Muslim group backs government ratifying ICERD

The call to ratify the International Convention on the Elimination of All Forms of Racial Discrimination has sparked a backlash from some Malay and Muslim groups.

PETALING JAYA: The Islamic Renaissance Front (IRF) has hit out at Malay and Muslim groups who oppose the ratification of a global treaty against racial discrimination, reminding them of the Quranic maxim to treat every human being as equal.

“Only those who make racist calls and advocate discrimination, albeit calling themselves Islamists, are unhappy with ICERD which aims to eliminate racism and racial discrimination,” said IRF spokesman Ahmad Muziru Idham.

He was referring to protests by some groups after Putrajaya said it was planning to ratify the International Convention on the Elimination of All Forms of Racial Discrimination, or ICERD.

Malay and Muslim groups such as Isma and Ikram say ratifying ICERD would undermine the special position of the Malays, including provisions to allow quotas in public institutions, as spelt out in Article 153 of the Federal Constitution.

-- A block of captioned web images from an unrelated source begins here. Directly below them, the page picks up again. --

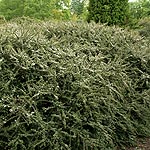 Cotoneaster glacialis - Creeping Cotoneaster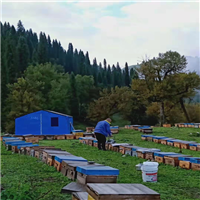 伊犁野生苹果种子价格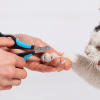 do cats need their nails trimmed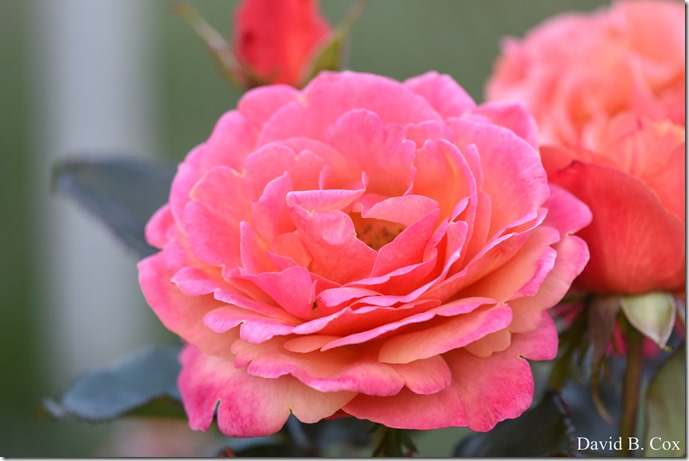 2018 6 18 GHS BB vs Dracut & A Week's Pics 079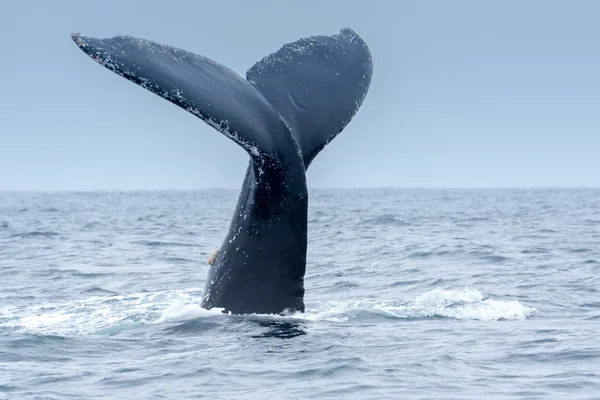 プエルト・ロペス,エクアドルのザトウクジラ — ストック写真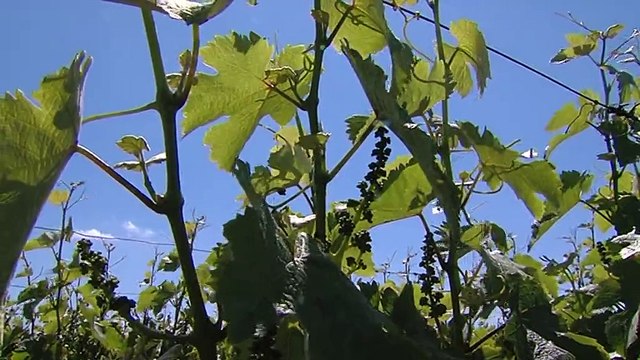 Vouvray: deux vignerons exclus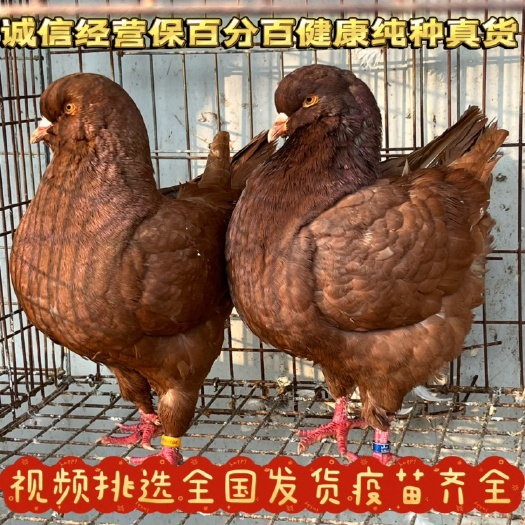 嘉祥县纯种大体元宝鸽圆环鸽活体鸽子观赏鸽一公一母元宝鸽全国可发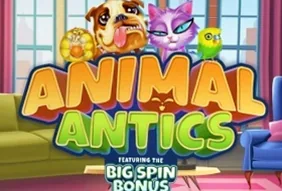 Animal Antics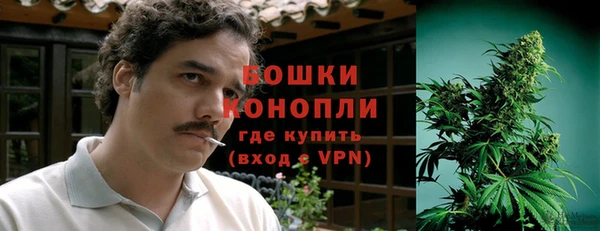 прущие грибы Богородицк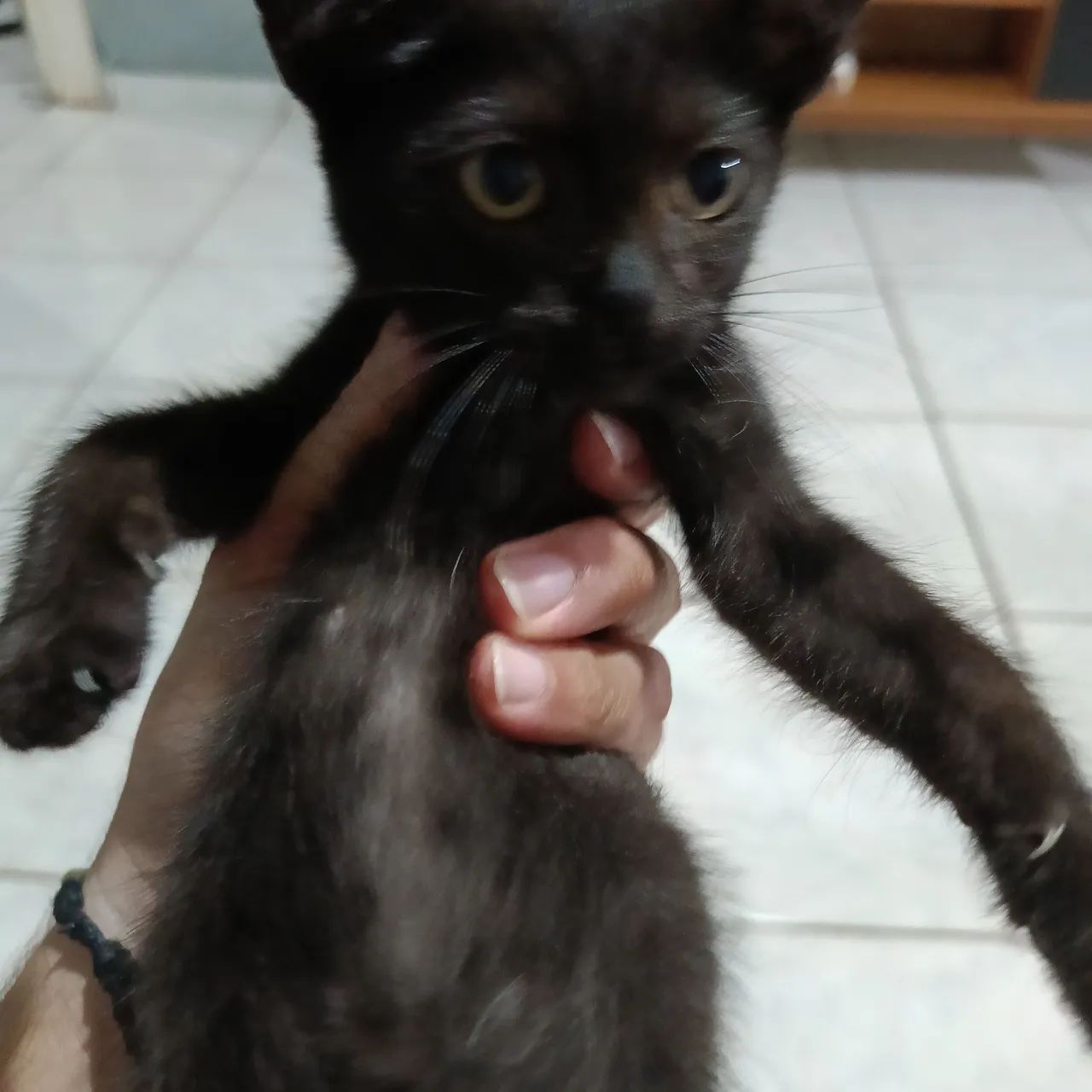 Doa-se filhote de gato - Foto 3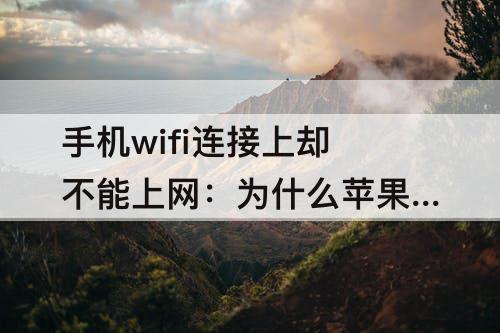 手机wifi连接上却不能上网：为什么苹果手机wifi连接上却不能上网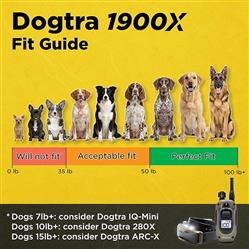Extra Product Image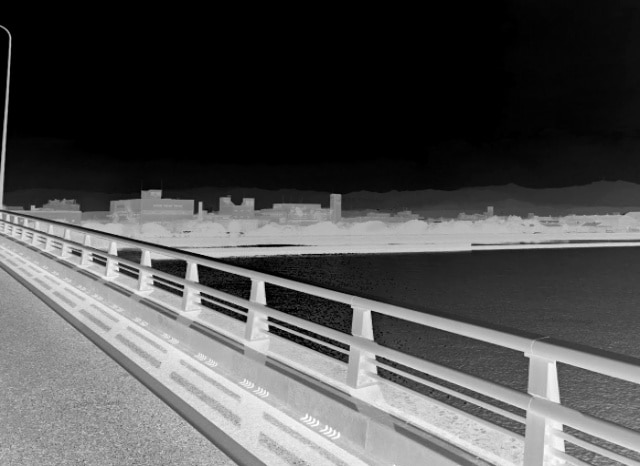 谷山臨海大橋の外観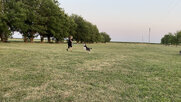 IMG_0706.jpeg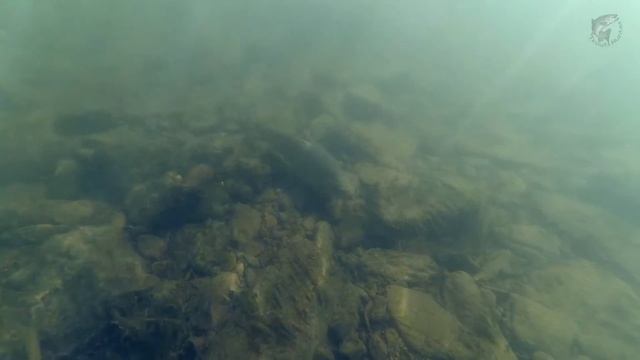 Trout Hunting 2016 - 3. Trout Fishing. Forellenangeln. Рыбалка на форель. смотреть онлайн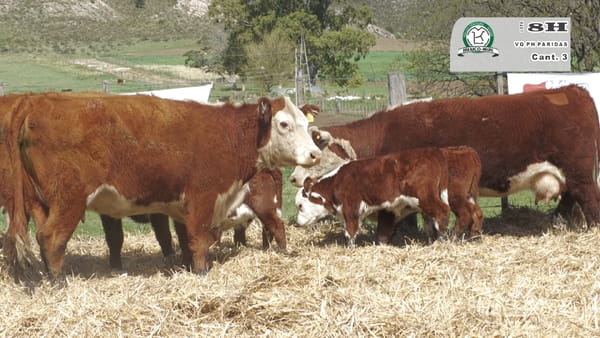 Lote VACAS HEREFOD PREÑADAS Y PARIDAS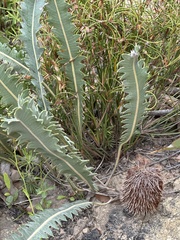 Banksia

Prime Minister Dr Mahathir Mohamad yesterday gave assurance that the government would consult with all communities, but said it hoped to eventually ratify the ICERD.

Yesterday, some 100 people representing several Malay-Muslim organisations protested outside Parliament, urging the government not to sign the treaty.

They said ICERD, a UN-sponsored convention recognised by the United Nations and signed by close to 90 countries, was a threat to Bumiputera special privileges, as well as a way of forcing Malaysia to accept practices that are considered legal in Western countries such as same-sex marriage.

But Muziru said such an argument was based on hearsay, adding that ICERD had clearly made distinctions between discriminatory practices and affirmative action programmes to help downtrodden communities climb the social ladder.

“Fears of ICERD causing the closures of MRSM, Mara, UiTM, the abolition of Malay reserve lands and the removal of many other special rights of Malays and Bumiputeras are something that will not happen. This is based on hearsay,” he said, referring to the government’s educational and economic institutions to help Bumiputeras.

Muziru said ICERD should be welcomed as it would end discrimination in the workplace and education.

The convention provides individuals worldwide with a mechanism for complaints over issues of racial discrimination, among others, and is enforceable against member states.

Specifically, it obliges parties to eliminate racial discrimination in all forms including in public institutions as well as in government policies.

Muziru said ICERD had from the outset stated exemptions on affirmative action policies that seek to guarantee basic rights to some communities as well as to narrow the economic gaps within society.

“As such, ICERD is clearly in line and does not contradict with Article 153 of the Federal Constitution as far as its spirit and objectives are concerned,” he said.

IRF said it was also a misconception that by ratifying ICERD, the government was bound by everything the agreement calls for.

“Ratifying ICERD is good to ensure that society accepts equal treatment without discrimination in order to live harmoniously and democratically.”